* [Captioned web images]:

┌──

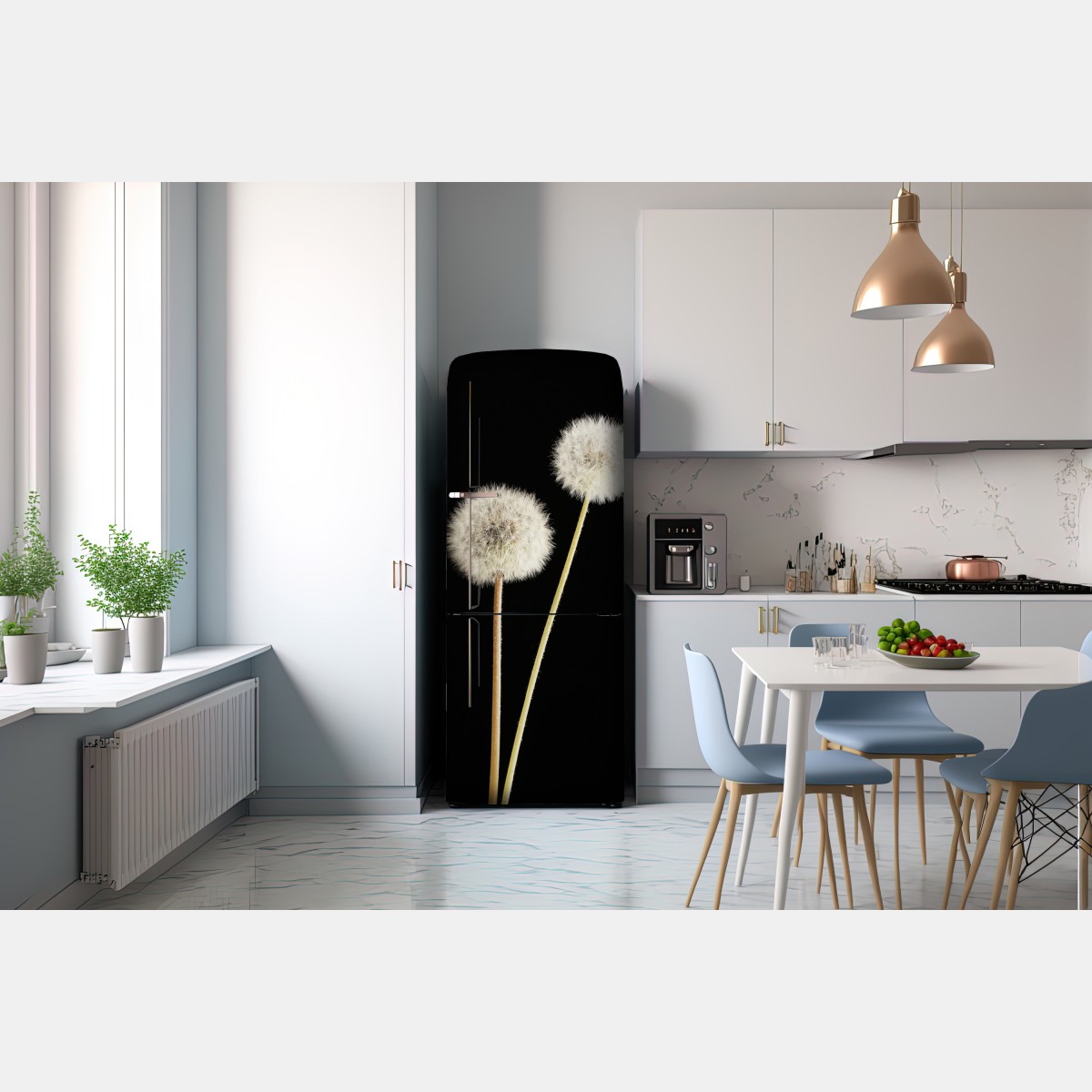 Naklejka na lodówkę delikatne dmuchawce na czarnym tle – Wallissimo® Naklejka na lodówkę delikatne dmuchawce na czarnym tle – Wallissimo®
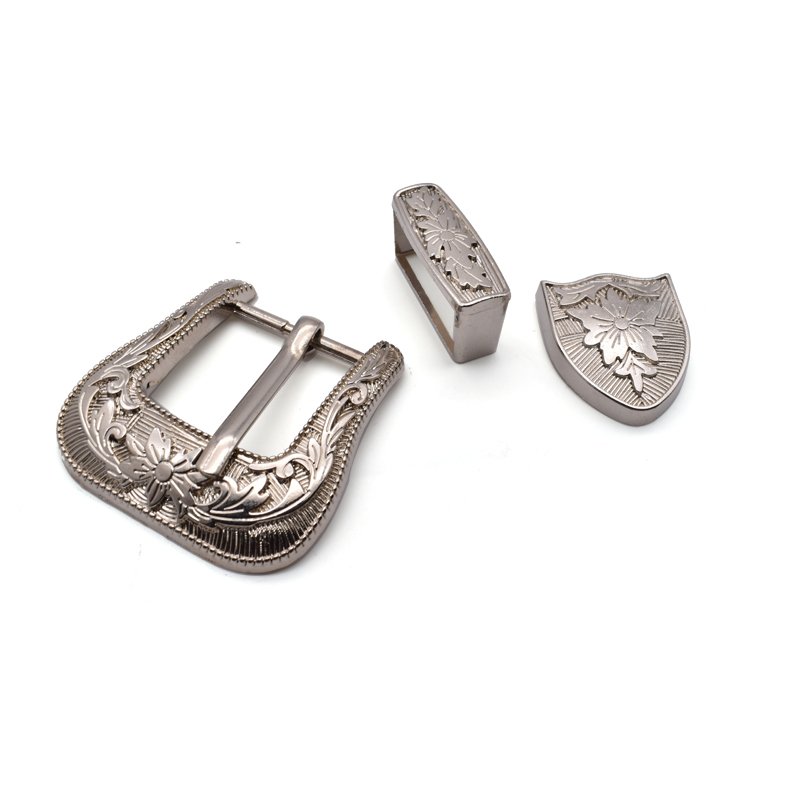 Wholesale Custom cowboy Belt Buckle 3 pieces Metal western cowboy belt buckle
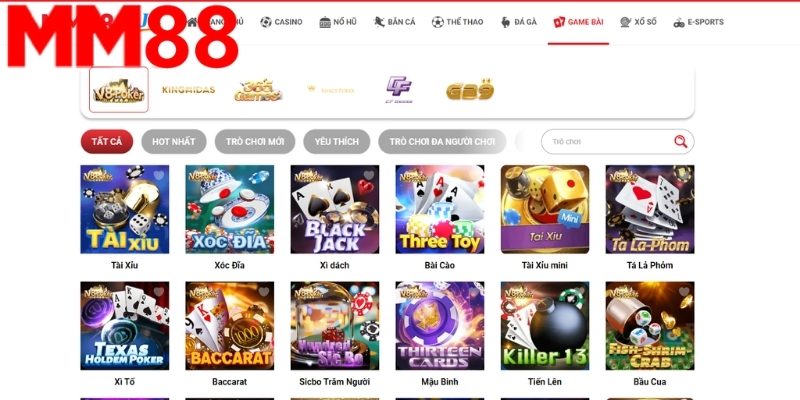 Đa dạng tựa game bài hấp dẫn tại sảnh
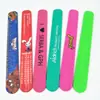 Anel pop de silicone de vários tamanhos e cores variadas, pulseira esportiva de tapa para adultos e crianças, impressão colorida, pulseira criativa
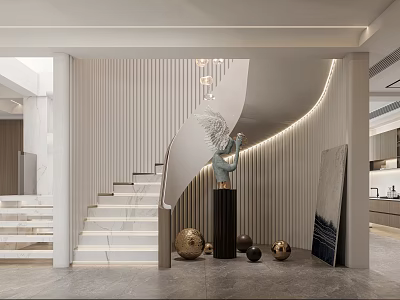 Elegant Modern Interior With Staircase Marble Steps Decorative Sculpture LED Lighting Strips And Wall Decor 3d model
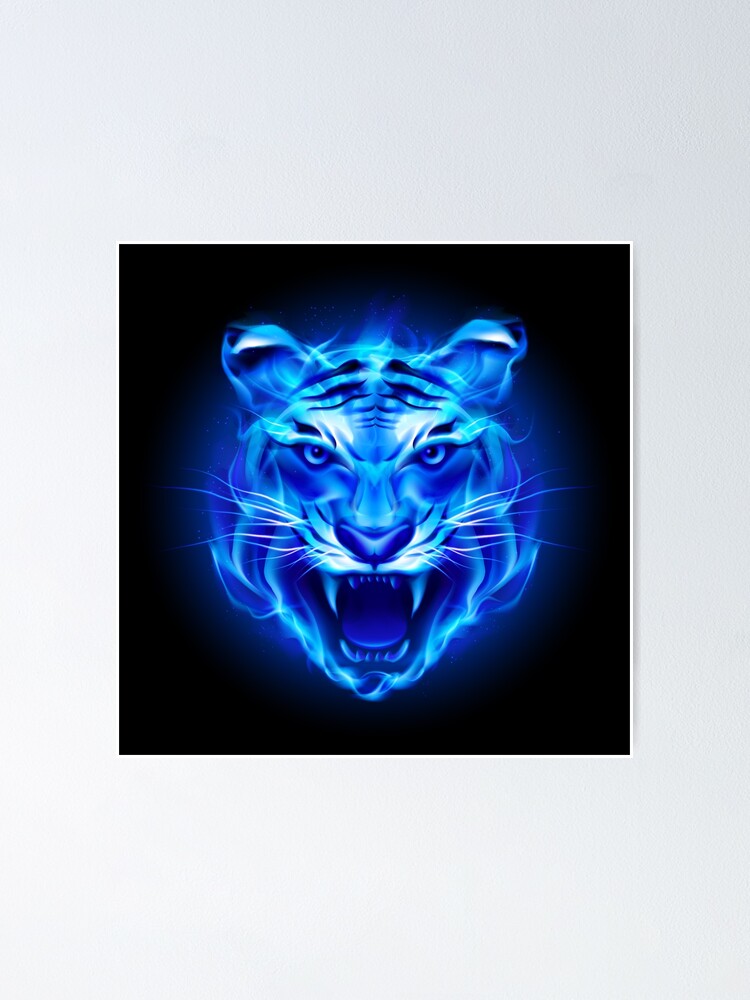 Blaues Feuer Tiger Gesicht Poster Von Fantasydesigns Redbubble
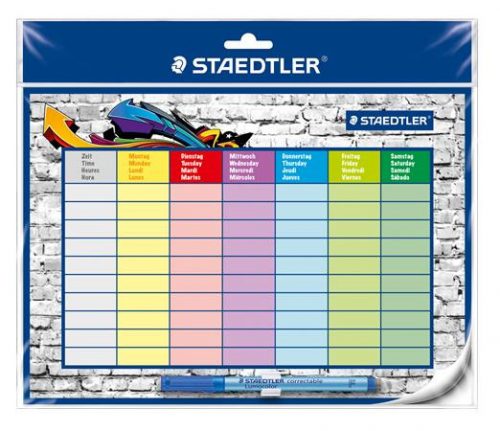 Órarend, törölhető, öntapadós, STAEDTLER 641 SP2 (TS641SP2)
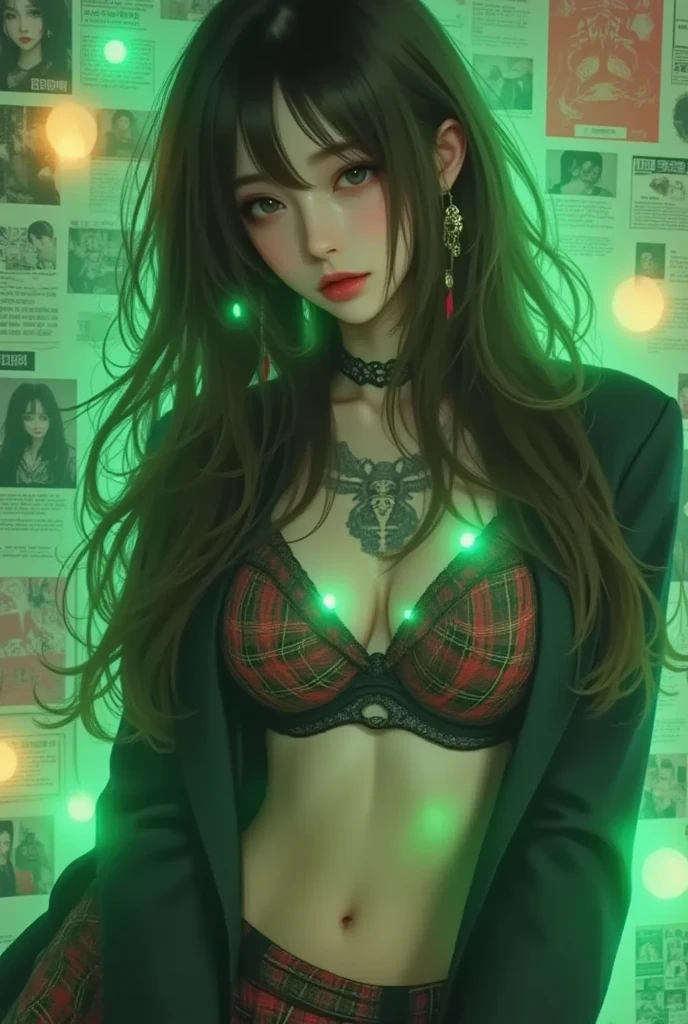 masterpiece, ultra detail, 8k, A stunning illustration of a confident young woman with long, flowing dark hair wearing a stylish and provocative take on a Japanese school uniform. Her outfit features a plaid skirt and an open jacket, revealing a detailed and glowing neon-green bra with intricate patterns. She holds a katana in one hand, exuding a powerful yet elegant aura. Her body is adorned with glowing tattoos, complementing the green, mystical energy radiating around her. The background features a complex, skeletal design with glowing neon-green highlights, enhancing the supernatural and edgy atmosphere of the scene.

└──

Each record above must be retyped exactly. Omit the pictures.

* [TASK ANSWER]:
 Naklejka na lodówkę delikatne dmuchawce na czarnym tle – Wallissimo® Naklejka na lodówkę delikatne dmuchawce na czarnym tle – Wallissimo®
 Wholesale Custom cowboy Belt Buckle 3 pieces Metal western cowboy belt buckle
 Đa dạng tựa game bài hấp dẫn tại sảnh
 Anel pop de silicone de vários tamanhos e cores variadas, pulseira esportiva de tapa para adultos e crianças, impressão colorida, pulseira criativa
 Elegant Modern Interior With Staircase Marble Steps Decorative Sculpture LED Lighting Strips And Wall Decor 3d model
 Blaues Feuer Tiger Gesicht Poster Von Fantasydesigns Redbubble
 Órarend, törölhető, öntapadós, STAEDTLER 641 SP2 (TS641SP2)
 masterpiece, ultra detail, 8k, A stunning illustration of a confident young woman with long, flowing dark hair wearing a stylish and provocative take on a Japanese school uniform. Her outfit features a plaid skirt and an open jacket, revealing a detailed and glowing neon-green bra with intricate patterns. She holds a katana in one hand, exuding a powerful yet elegant aura. Her body is adorned with glowing tattoos, complementing the green, mystical energy radiating around her. The background features a complex, skeletal design with glowing neon-green highlights, enhancing the supernatural and edgy atmosphere of the scene.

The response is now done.